Re: [PATCH v4 0/5] userfaultfd: add /dev/userfaultfd for fine grained access control

From: Axel Rasmussen
Date: Mon Aug 01 2022 - 18:51:39 EST


On Mon, Aug 1, 2022 at 12:53 PM Nadav Amit <namit@xxxxxxxxxx> wrote:
>
> On Aug 1, 2022, at 10:13 AM, Axel Rasmussen <axelrasmussen@xxxxxxxxxx> wrote:
>
> > ⚠ External Email
> >
> > I finished up some other work and got around to writing a v5 today,
> > but I ran into a problem with /proc/[pid]/userfaultfd.
> >
> > Files in /proc/[pid]/* are owned by the user/group which started the
> > process, and they don't support being chmod'ed.
> >
> > For the userfaultfd device, I think we want the following semantics:
> > - For UFFDs created via the device, we want to always allow handling
> > kernel mode faults
> > - For security, the device should be owned by root:root by default, so
> > unprivileged users don't have default access to handle kernel faults
> > - But, the system administrator should be able to chown/chmod it, to
> > grant access to handling kernel faults for this process more widely.
> >
> > It could be made to work like that but I think it would involve at least:
> >
> > - Special casing userfaultfd in proc_pid_make_inode
> > - Updating setattr/getattr for /proc/[pid] to meaningfully store and
> > then retrieve uid/gid different from the task's, again probably
> > special cased for userfautlfd since we don't want this behavior for
> > other files
> >
> > It seems to me such a change might raise eyebrows among procfs folks.
> > Before I spend the time to write this up, does this seem like
> > something that would obviously be nack'ed?
>
> [ Please avoid top-posting in the future ]
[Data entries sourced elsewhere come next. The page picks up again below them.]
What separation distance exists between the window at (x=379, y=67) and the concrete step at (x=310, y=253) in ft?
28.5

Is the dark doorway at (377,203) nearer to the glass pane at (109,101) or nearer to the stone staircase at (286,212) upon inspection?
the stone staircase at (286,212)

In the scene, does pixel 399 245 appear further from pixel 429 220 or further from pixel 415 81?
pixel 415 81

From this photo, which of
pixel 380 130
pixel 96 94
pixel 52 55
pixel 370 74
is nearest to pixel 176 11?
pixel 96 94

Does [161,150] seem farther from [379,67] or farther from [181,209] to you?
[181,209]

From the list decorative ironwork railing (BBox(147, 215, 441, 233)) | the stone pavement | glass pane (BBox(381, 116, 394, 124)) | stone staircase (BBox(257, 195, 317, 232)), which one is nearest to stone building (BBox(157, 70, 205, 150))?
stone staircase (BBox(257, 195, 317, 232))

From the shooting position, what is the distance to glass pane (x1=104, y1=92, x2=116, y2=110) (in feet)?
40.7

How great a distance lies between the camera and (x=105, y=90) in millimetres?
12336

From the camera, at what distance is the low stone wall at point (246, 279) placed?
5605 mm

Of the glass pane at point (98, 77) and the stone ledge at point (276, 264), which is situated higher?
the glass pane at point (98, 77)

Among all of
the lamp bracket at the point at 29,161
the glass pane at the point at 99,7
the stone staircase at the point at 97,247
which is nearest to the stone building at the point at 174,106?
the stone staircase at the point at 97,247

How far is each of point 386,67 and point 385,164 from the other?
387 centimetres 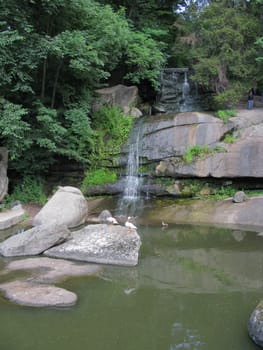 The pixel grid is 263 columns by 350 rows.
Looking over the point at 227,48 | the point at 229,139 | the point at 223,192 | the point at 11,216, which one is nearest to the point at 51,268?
the point at 11,216

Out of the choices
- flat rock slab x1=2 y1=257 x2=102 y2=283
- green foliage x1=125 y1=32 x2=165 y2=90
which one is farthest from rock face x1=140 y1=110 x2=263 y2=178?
flat rock slab x1=2 y1=257 x2=102 y2=283

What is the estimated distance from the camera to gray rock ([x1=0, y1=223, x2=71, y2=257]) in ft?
27.4

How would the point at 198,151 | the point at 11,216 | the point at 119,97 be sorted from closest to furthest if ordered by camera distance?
the point at 11,216 → the point at 198,151 → the point at 119,97

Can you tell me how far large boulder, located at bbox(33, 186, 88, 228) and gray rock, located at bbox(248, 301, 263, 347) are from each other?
720 centimetres

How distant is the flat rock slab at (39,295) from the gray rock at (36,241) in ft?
6.70

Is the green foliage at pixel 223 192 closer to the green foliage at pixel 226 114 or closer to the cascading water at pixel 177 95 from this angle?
the green foliage at pixel 226 114

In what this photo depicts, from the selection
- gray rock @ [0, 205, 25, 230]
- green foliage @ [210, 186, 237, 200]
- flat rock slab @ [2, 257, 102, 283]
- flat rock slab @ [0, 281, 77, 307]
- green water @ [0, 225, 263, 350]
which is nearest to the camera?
green water @ [0, 225, 263, 350]

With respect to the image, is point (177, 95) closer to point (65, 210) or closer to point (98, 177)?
point (98, 177)

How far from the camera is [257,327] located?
467 cm

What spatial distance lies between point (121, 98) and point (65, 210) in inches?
306

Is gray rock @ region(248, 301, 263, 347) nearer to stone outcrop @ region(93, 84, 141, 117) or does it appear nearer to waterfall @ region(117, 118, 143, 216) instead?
waterfall @ region(117, 118, 143, 216)

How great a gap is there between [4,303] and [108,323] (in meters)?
1.71

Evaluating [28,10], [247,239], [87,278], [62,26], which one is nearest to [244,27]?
[62,26]

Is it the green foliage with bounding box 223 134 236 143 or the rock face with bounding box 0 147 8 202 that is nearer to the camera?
the rock face with bounding box 0 147 8 202
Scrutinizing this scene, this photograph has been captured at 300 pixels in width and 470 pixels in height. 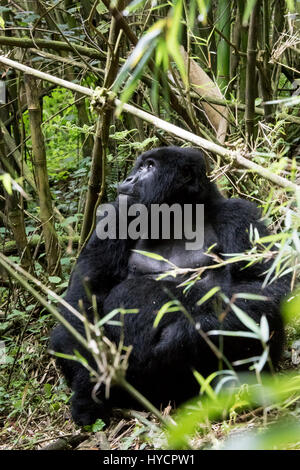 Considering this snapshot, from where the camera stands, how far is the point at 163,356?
3.36 m

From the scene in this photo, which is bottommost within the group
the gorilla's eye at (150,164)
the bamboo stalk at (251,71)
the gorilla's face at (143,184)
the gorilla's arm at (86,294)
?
the gorilla's arm at (86,294)

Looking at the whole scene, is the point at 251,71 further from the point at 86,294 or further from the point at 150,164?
the point at 86,294

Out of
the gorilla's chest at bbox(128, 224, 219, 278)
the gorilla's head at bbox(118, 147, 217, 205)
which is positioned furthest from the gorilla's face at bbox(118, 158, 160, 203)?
the gorilla's chest at bbox(128, 224, 219, 278)

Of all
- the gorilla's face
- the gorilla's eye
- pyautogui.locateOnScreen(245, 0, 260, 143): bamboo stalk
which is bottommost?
the gorilla's face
I will remember this. Gmail's default behavior is annoying. :/

>
> I have no interest in making your life harder than it should be. If you
> cannot find a suitable alternative, I will not fight against it.
>
> How about this alternative: how about following KVM usage-model?
>
> IOW: You open /dev/userfaultfd, but this is not the file-descriptor that you
> use for most operations. Instead you first issue an ioctl - similarly to
> KVM_CREATE_VM - to get a file-descriptor for your specific process. You then
> use this new file-descriptor to perform your operations (read/ioctl/etc).
>
> This would make the fact that ioctls/reads from different processes refer to
> different contexts (i.e., file-descriptors) much more natural.
>
> Does it sound better?

Ah, that I think is more or less what my series already proposes, if I
understand you correctly.

The usage is:

fd = open(/dev/userfaultfd) /* This FD is only useful for creating new
userfaultfds */
uffd = ioctl(fd, USERFAULTFD_IOC_NEW) /* Now you get a real uffd */
close(fd); /* No longer needed now that we have a real uffd */

/* Use uffd to register, COPY, CONTINUE, whatever */

One thing we could do now or in the future is extend
USERFAULTFD_IOC_NEW to take a pid as an argument, to support creating
uffds for remote processes.



And then we get the benefit of permissions for /dev nodes working very
naturally - they default to root, but can be configured by the
sysadmin via chown/chmod, or udev rules, or whatever.